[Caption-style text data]
* * *

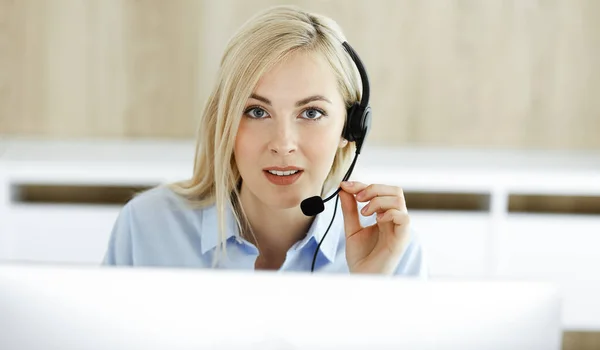 Blonde business woman sitting and communicated by headset in call center office. Concept of telesales business or home office occupation Royalty Free Stock Photos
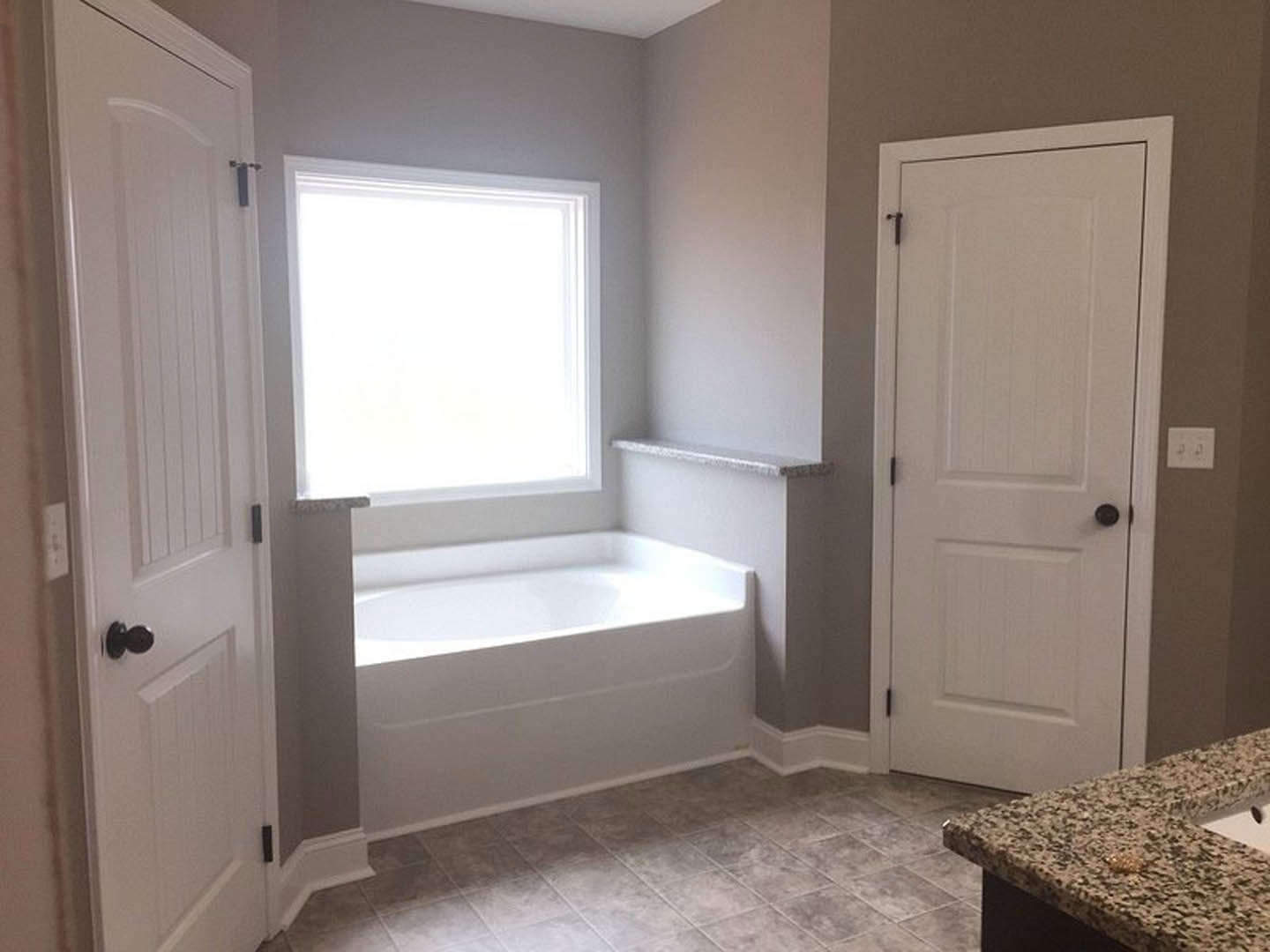 Bathroom with freestanding bathtub, marble countertop and sink, two doors, white walls, grey tile flooring, rectangular window, wall switch, and black decor object on counter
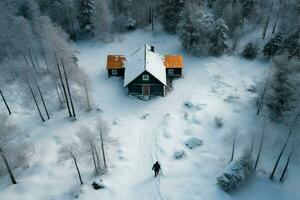 Antenne Schuss von einsam Zahl in der Nähe von Kabinen im schneebedeckt Schweden ai generiert foto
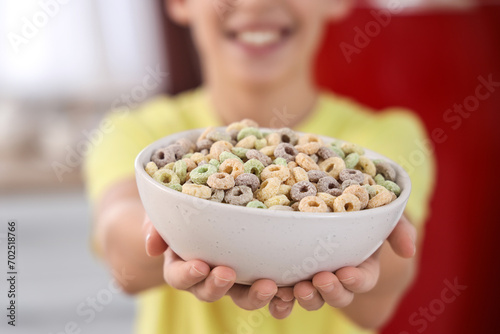 Foto Little boy with bowl of cereal rings at home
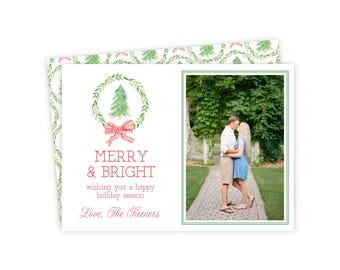 May include: A rectangular holiday greeting card featuring a watercolor illustration of a green wreath with a red plaid bow and a pine tree. The text reads MERRY & BRIGHT, wishing you a happy holiday season, Love, The Keeners, with a photo insert.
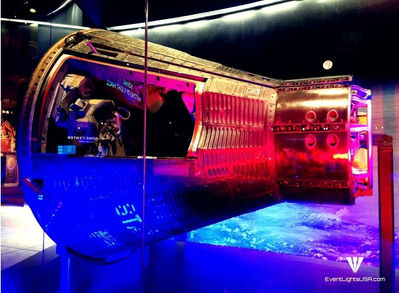 Lighting of an artifact in red and blue at the Air and Space Museum in DC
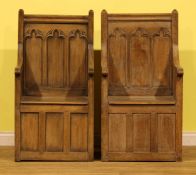 A pair of Gothic Revival design oak panel back box seat armchairs, the architectural back carved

* * *

- **PROBLEM STATEMENT**
Repeat, exactly and with no pictures, each line from the line that holds "Foto Little boy" through the last line of the records above.

- **EXPECTED ANSWER**
 Foto Little boy with bowl of cereal rings at home
 May include: A rectangular holiday greeting card featuring a watercolor illustration of a green wreath with a red plaid bow and a pine tree. The text reads MERRY & BRIGHT, wishing you a happy holiday season, Love, The Keeners, with a photo insert.
 Lighting of an artifact in red and blue at the Air and Space Museum in DC
 A pair of Gothic Revival design oak panel back box seat armchairs, the architectural back carved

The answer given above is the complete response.